At the same time, Allstate was standing up two new partnerships with major OEM brands, Cadillac first and Mercedes after. Each one needed a controlled, reliable, branded dispatch experience from day one. A drawn-out rescue or a missed job detail would not just annoy a provider, it would reflect on the OEM brand and thin out the margin on a revenue line that did not exist yet. The front door of roadside, like the front door of claims, decided the cost and the trust of everything behind it.
The mandate
I owned GHRPro end to end, from zero to rollout: strategy, competitive analysis, roadmap, the product itself, and the go-to-market across both partnerships.
This was a platform, not a screen. I designed it around the three roles that exist in every provider shop, the Owner or Admin who manages the team and sees the earnings, the Dispatcher who accepts jobs and assigns drivers, and the Driver who performs the rescue. Each role has its own journey, permissions, and goals. On top of that sat the full operational lifecycle of a rescue: a new job offer, an ETA negotiated and approved, then assigned, en route, on site, loaded, at drop off, and completed, with cancellation and overdue handling built in for the real world. All of it had to plug into Allstate's dispatch architecture, across automated and manual dispatching, so a job could flow cleanly from Allstate to the right provider and back.
I led the cross-functional team that built it without direct reporting lines, so the work moved on earned influence rather than hierarchy.
The hard call
The safe path was to integrate with the tools providers already used. I studied them closely, Towbook, Beacon, and Tracker, mapping exactly how each one received jobs, assigned drivers, updated status, and handled cancellations. Integrating would have been faster to market and familiar to providers from day one.
I chose to build Allstate's own platform instead, and I held that line for two reasons. The margins were materially better when we owned the platform and the economics, rather than routing every job through someone else's tool. And the contract timing gave us enough runway to build properly before the Cadillac launch, then extend the same platform to Mercedes. The trade was real and I made it with eyes open: more to build and more delivery risk up front, in exchange for owning the experience, the data, and the margin for the life of both partnerships.
Results that belong to GHRPro
I rolled GHRPro out to 460 Cadillac dealership service centers first, then extended it to Mercedes, reaching 900+ dealership service centers across the two partnerships.

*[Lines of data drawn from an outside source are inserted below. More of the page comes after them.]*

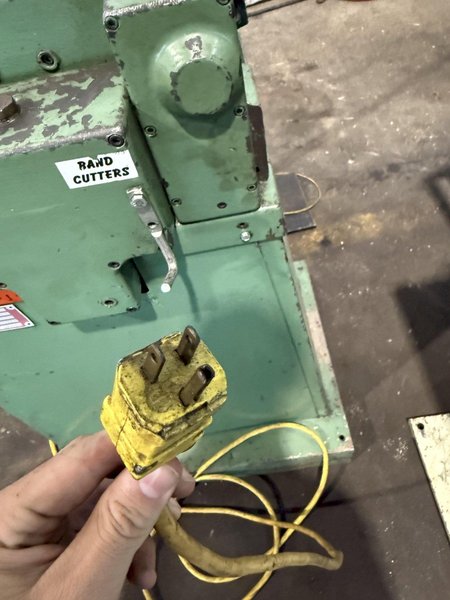 12" X .071" RAPID AIR POWERED VARIABLE SPEED STRAIGHTENER. STOCK # 0773525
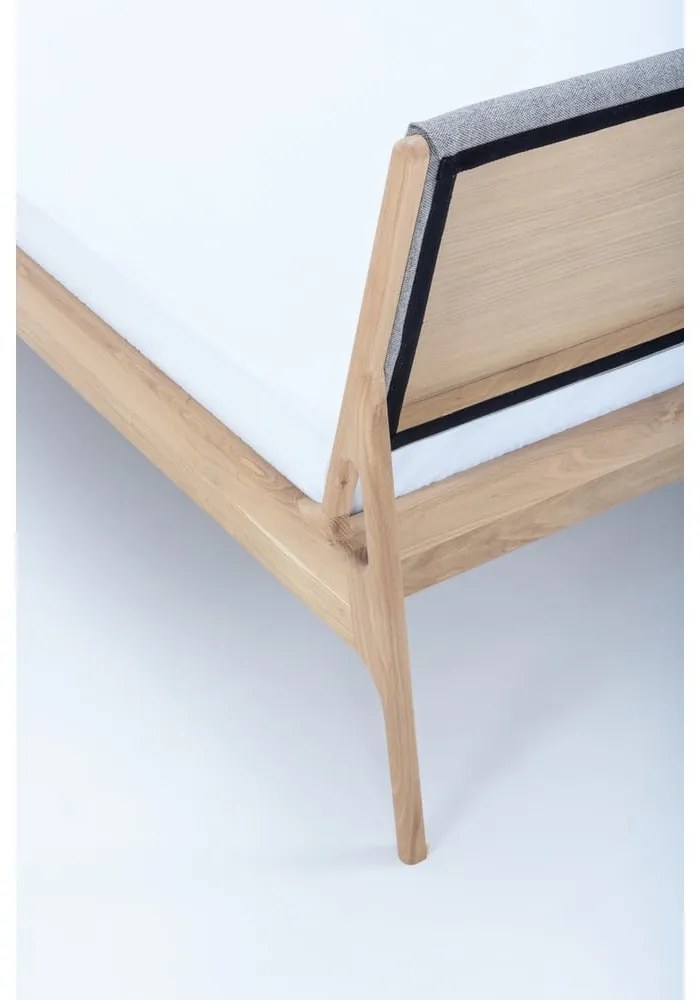 Дъбово двойно легло с тапицерия в сив/естествен цвят 140x200 cm Fawn - Gazzda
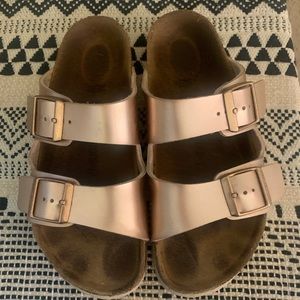 Birkenstock Rose Gold sandals sz 34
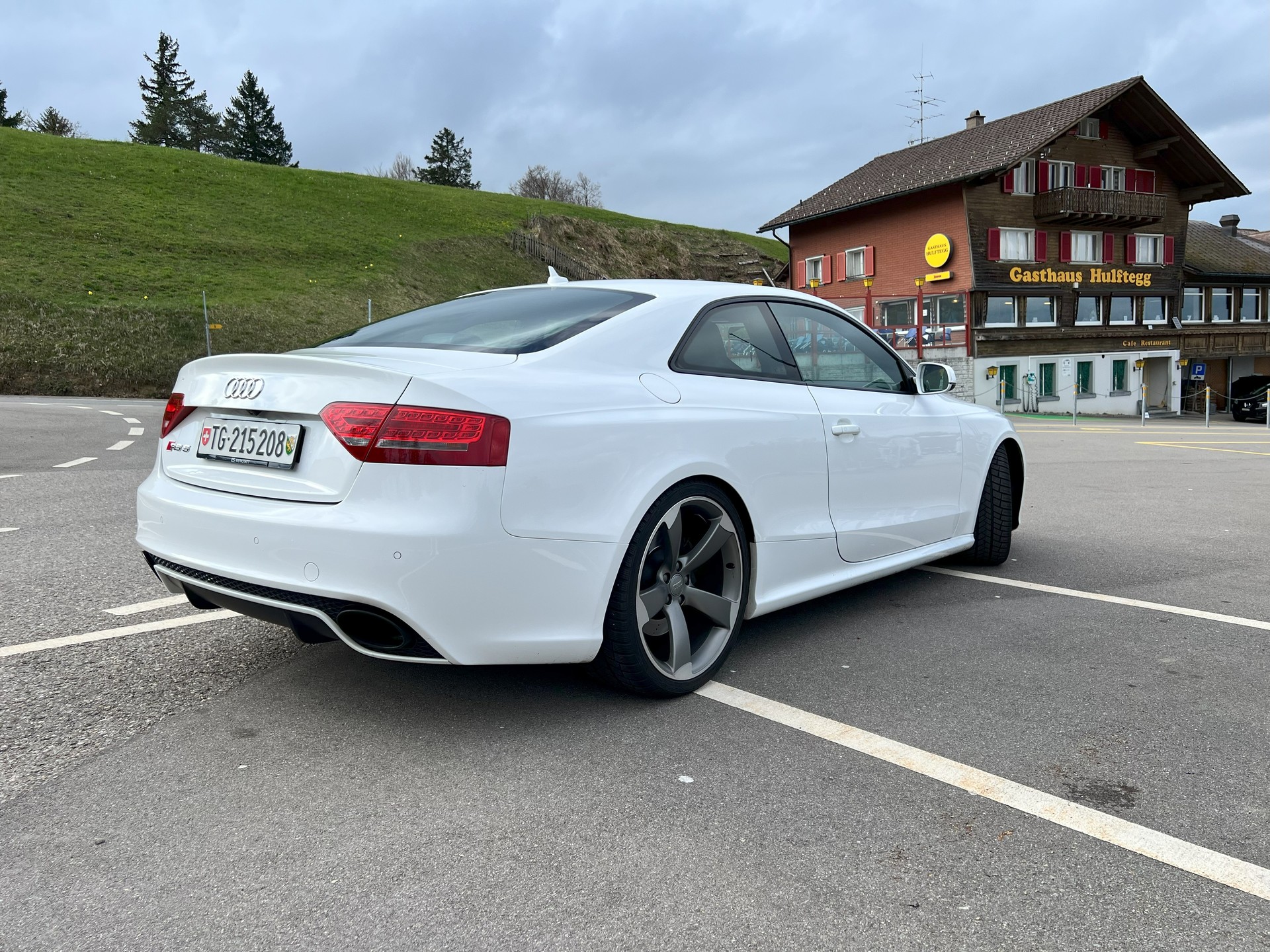 AUDI RS5 Coupé 4.2 FSI quattro S-tronic-image-3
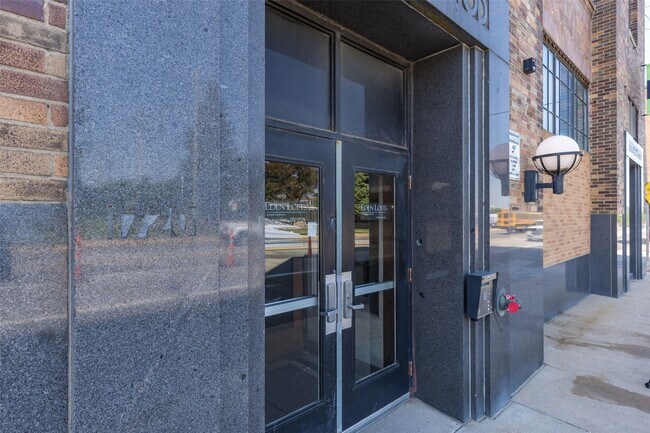 Building Photo - 1720 Chouteau Ave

It created a new annual topline of about $4 million across both partnerships, a revenue stream that did not exist before the platform. It consolidated a fragmented, partly manual legacy approach, email, fax, and a mix of disparate provider tools, into one modern platform with automated dispatching on a current tech stack. And it set the operating model that a second OEM partner adopted with far less effort than the first, which is the real test of whether you built a platform or a one-off.
The work won the Standing Ovation Award in 2024, Allstate's highest product honour, recognised for the Cadillac rollout and the new revenue stream it created.
A rescue is only as good as the dispatch behind it. Building the platform two partners run on, instead of renting someone else's, is how you own both the experience and the margin.